Interesting article which highlights the violation of human rights 

Oddly enough it appears to be a homophobic culture yet men kiss themselves on the cheeks which does not happen in the UK

BBC News - Egypt's homosexuals find home in cyberspace


----------



## MaidenScotland (Jun 6, 2009)

All Arab men kiss each other on the cheek, happens in Spain, France, Italy and other South American countries... kissing on the cheek has nothing to do with being gay.


----------



## King.Tut (Jan 12, 2011)

Interesting article. Considering Egypt is one of the less strict of the muslim dominated countries I feel they could lead the way in tolerance towards homosexuality. I think they need to learn that homosexuality is not a choice and cannot be controlled.
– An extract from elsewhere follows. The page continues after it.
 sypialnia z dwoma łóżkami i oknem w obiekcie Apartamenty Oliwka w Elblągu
Sadly, as with all religions and not just Islam, they are not suitable for the ever changing world and modern lifestyles.
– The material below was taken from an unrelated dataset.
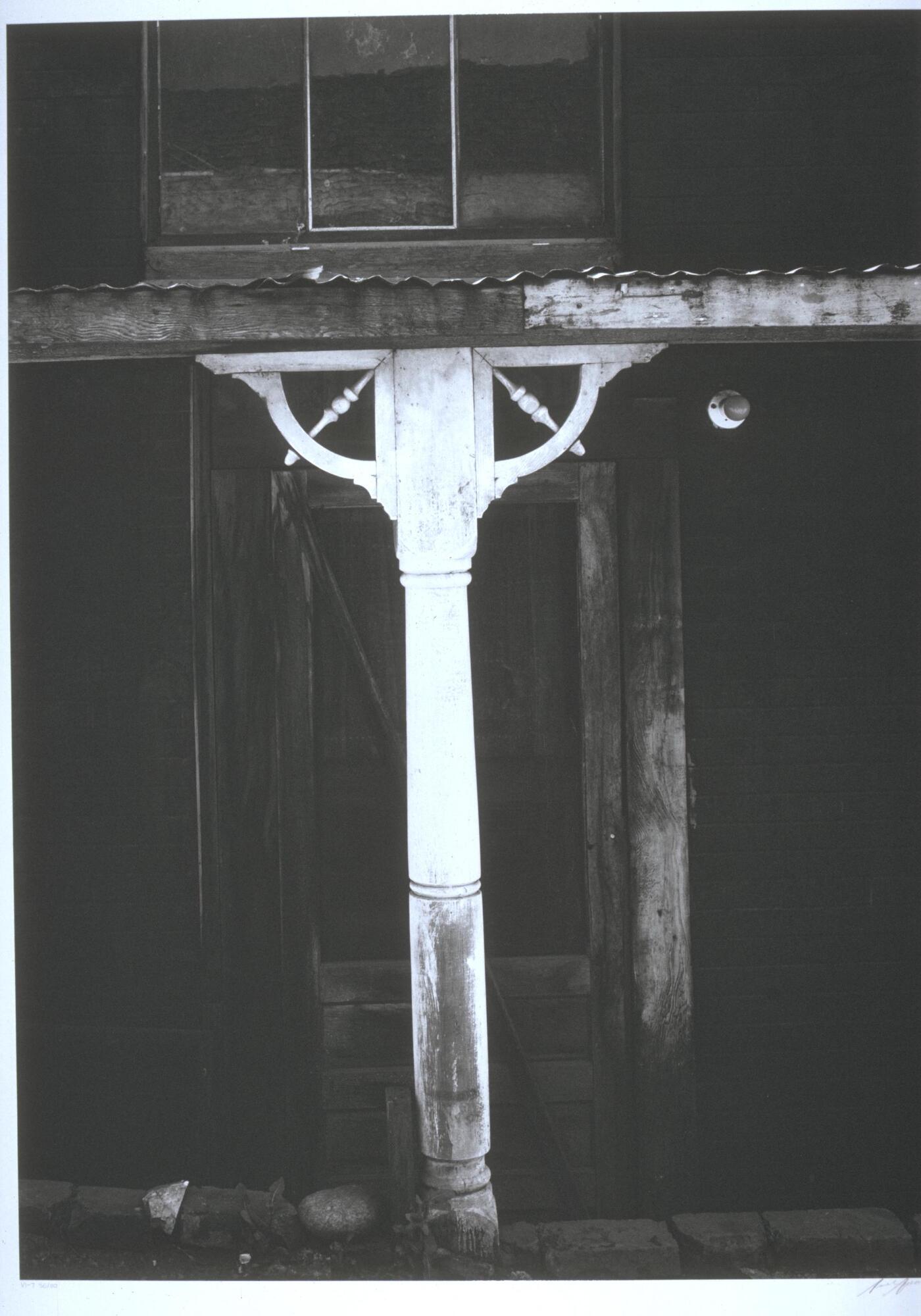 Photograph of a white painted post holding up the tin roof of a porch.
It saddens me that homosexual men and women have to live in secrecy here in Egypt but I guess that's something that is probably not going to change anytime soon.
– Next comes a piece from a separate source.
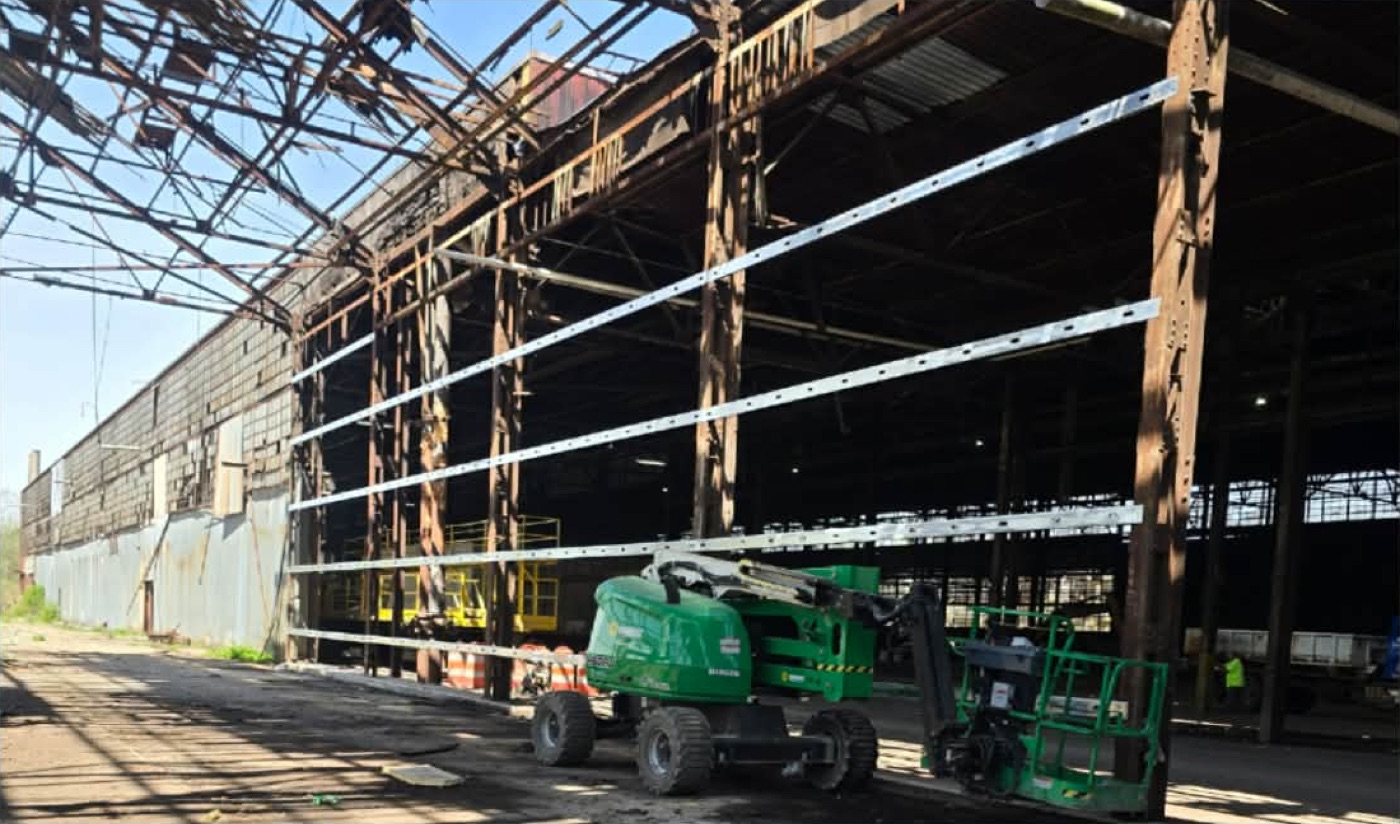 Commercial building structural renovation with boom lift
Also Maiden is correct that men kissing on the cheek here is not a seen as a homosexual activity, it's simply like shaking hands. I myself have a few Egyptian friends who greet me in this way, yes the tourists do a double take but living here you just adapt to the ways of the locals.


----------



## Horus (Sep 17, 2010)

No I know kissing on the cheek is a greeting what I am trying to get at is if you did that here in the UK people would do a double take


----------



## MaidenScotland (Jun 6, 2009)

I have seen men greet other with a kiss in the U.K and no one bothered.
I am sure there are some bigots still around but in all honesty I don't think anyone cares if gay people go around kissing or holding hands in the streets of the U.K 
Just take a walk down Old Compton St..


----------



## jd2222245 (May 1, 2011)

From my understanding, the Middle East is progressing toward accepting LGBT people. I hope!


----------



## Johanna (Apr 13, 2009)

Horus said:


> No I know kissing on the cheek is a greeting what I am trying to get at is if you did that here in the UK people would do a double take


Sorry if I missed anything ... are you back in the UK Horus?


----------



## Whiskey96 (Jun 6, 2010)

MaidenScotland said:


> I have seen men greet other with a kiss in the U.K and no one bothered.
> I am sure there are some bigots still around but in all honesty I don't think anyone cares if gay people go around kissing or holding hands in the streets of the U.K
> Just take a walk down Old Compton St..



By "Bigots" do you mean people who believe in the words of the Holy Bible..?


----------



## MaidenScotland (Jun 6, 2009)

Whiskey96 said:


> By "Bigots" do you mean people who believe in the words of the Holy Bible..?




No I don´t


I believe anyone who is intolerant of beliefs other than his or her own is a bigot.


----------